Personal Injury - Motor Vehicle Accident - No Fault Insurance - Dramshop Act

In Borkowski v Niles, Unpublished Court of Appeals Case No. 72181 (Decided January 21, 2020) the plaintiff brought a claim under the Dramshop Act as well as a third party negligence claim following an automobile accident involving a drunk driver.  Prior to the accident, the at-fault driver had spent several hours at an American Legion Post where she consumed multiple alcoholic beverages. The plaintiff argued that the at-fault driver was visibly intoxicated when served at the American Legion Post thereby making the Post liable under the Dramshop Act for his injuries. The trial court disagreed and granted summary disposition in favor of the Post. The plaintiff appealed.

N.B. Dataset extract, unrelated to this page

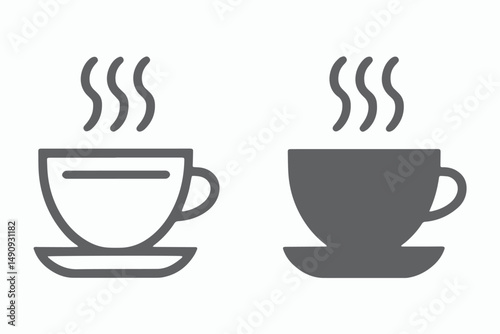 Hot Coffee Cup Icons Line Art and Solid Style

The Dramshop Act provides that “[a] retail licensee shall not . . . sell, furnish, or give alcoholic liquor to an individual who is visibly intoxicated.” MCL 436.1801(1). The Act further provides “[A]n individual who suffers damage or who is personally injured by a minor or visibly intoxicated person by reason of the unlawful selling, giving, or furnishing of alcoholic liquor to the minor or visibly intoxicated person, if the unlawful sale is proven to be a proximate cause of the damage, injury, or death, or the spouse, child, parent, or guardian of that individual, has a right of action in his or her name against the person who by selling, giving, or furnishing the alcoholic liquor has caused or contributed to the intoxication of the person or who has caused or contributed to the damage, injury, or death.” MCL 436.1801(2).  In determining whether someone was visibly intoxicated for purposes of liability under the Dramshop Act “[t]he relevant inquiry . . . posed is whether the combination of circumstantial evidence and the permissible inference drawn therefrom . . . permits a finding that [an allegedly intoxicated person (“AIP”)] was ‘visibly intoxicated’ when [s]he was last served alcohol at [the defendant’s bar].” Heyler v Dixon, 160 Mich App 130, 146; 408 NW2d 121(1987).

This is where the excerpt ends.